Claude Opus 4.7 is our most capable generally available model to date. It is highly autonomous and performs exceptionally well on long-horizon agentic work, knowledge work, vision tasks, and memory tasks. This section summarizes everything new at launch. It is layered on top of the 4.6 migration above — if the caller is jumping from Opus 4.5 or older, apply the 4.6 changes first, then apply this section.
**TL;DR for someone already on Opus 4.6:** update the model ID to `claude-opus-4-7`, strip any remaining `budget_tokens` and sampling parameters (both 400 on Opus 4.7), give `max_tokens` extra headroom and re-baseline with `count_tokens()` against the new model, opt back into `thinking.display: "summarized"` if reasoning is surfaced to users, and re-tune `effort` — it matters more on 4.7 than on any prior Opus.
### Breaking changes (will 400 on Opus 4.7)
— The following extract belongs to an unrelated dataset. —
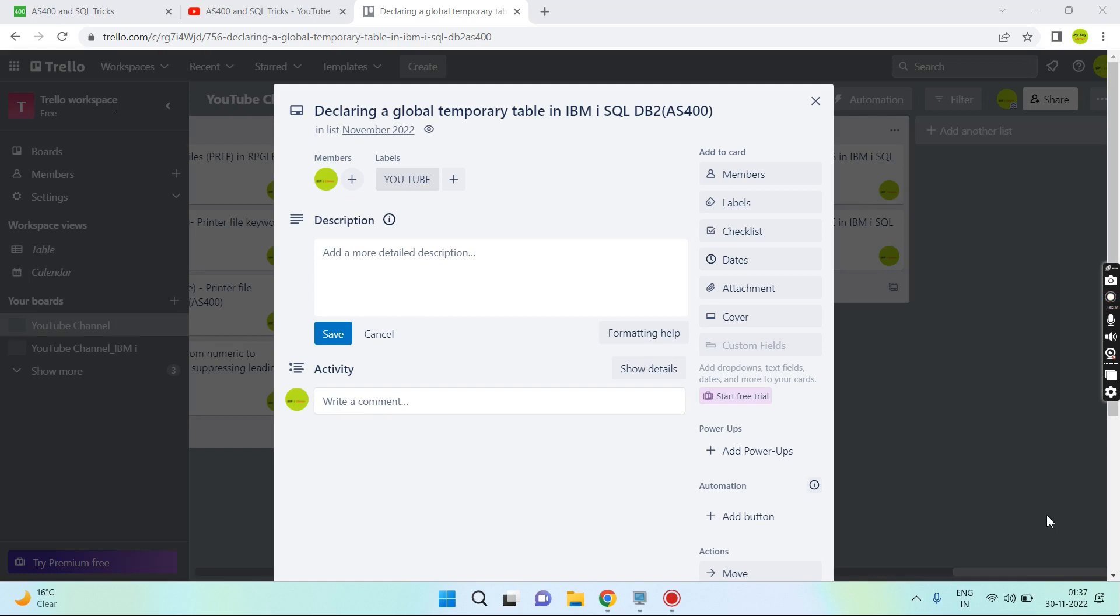Hello everyone, welcome back to this channel. In this video session I will discuss declaring a global temporary table in IBM i SQL DB2. This is a temporary table that we require in any session or in qtemp. If I want to do some temporary work and I want a table for that, I can create that in our qtemp library.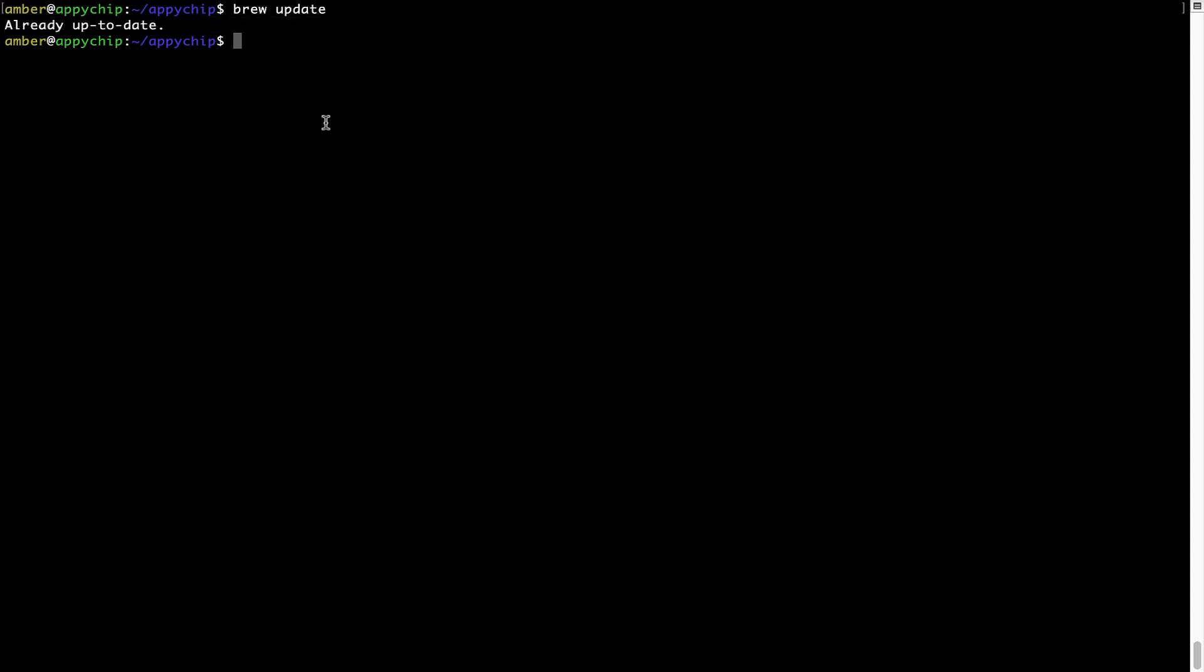Now to install the app, let's run the brew install command. Mind you, if during installation you're prompted to enter a password, enter your mac user's password to continue.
**Extended thinking removed.**
`thinking: {type: "enabled", budget_tokens: N}` is no longer supported on Claude Opus 4.7 or later models and returns a 400 error. Switch to adaptive thinking (`thinking: {type: "adaptive"}`) and use the effort parameter to control thinking depth. Adaptive thinking is **off by default** on Claude Opus 4.7: requests with no `thinking` field run without thinking, matching Opus 4.6 behavior. Set `thinking: {type: "adaptive"}` explicitly to enable it.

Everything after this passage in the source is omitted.